■ **LISTED RECORDS**:
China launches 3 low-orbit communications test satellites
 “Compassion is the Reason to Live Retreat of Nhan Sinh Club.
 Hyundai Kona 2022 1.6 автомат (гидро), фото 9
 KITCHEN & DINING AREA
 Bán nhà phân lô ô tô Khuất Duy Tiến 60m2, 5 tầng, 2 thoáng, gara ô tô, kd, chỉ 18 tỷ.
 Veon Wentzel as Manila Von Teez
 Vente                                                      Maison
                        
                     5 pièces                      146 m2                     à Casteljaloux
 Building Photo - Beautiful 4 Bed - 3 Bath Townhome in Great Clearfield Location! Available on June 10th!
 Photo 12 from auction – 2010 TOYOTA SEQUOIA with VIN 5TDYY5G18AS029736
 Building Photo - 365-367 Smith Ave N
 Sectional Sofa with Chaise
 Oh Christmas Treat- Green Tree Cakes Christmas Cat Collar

■ **TASK ITEM**: Look through the entries for the string "Building". Every line that has it belongs in the answer.

■ **WRITTEN RESPONSE**:
 Building Photo - Beautiful 4 Bed - 3 Bath Townhome in Great Clearfield Location! Available on June 10th!
 Building Photo - 365-367 Smith Ave N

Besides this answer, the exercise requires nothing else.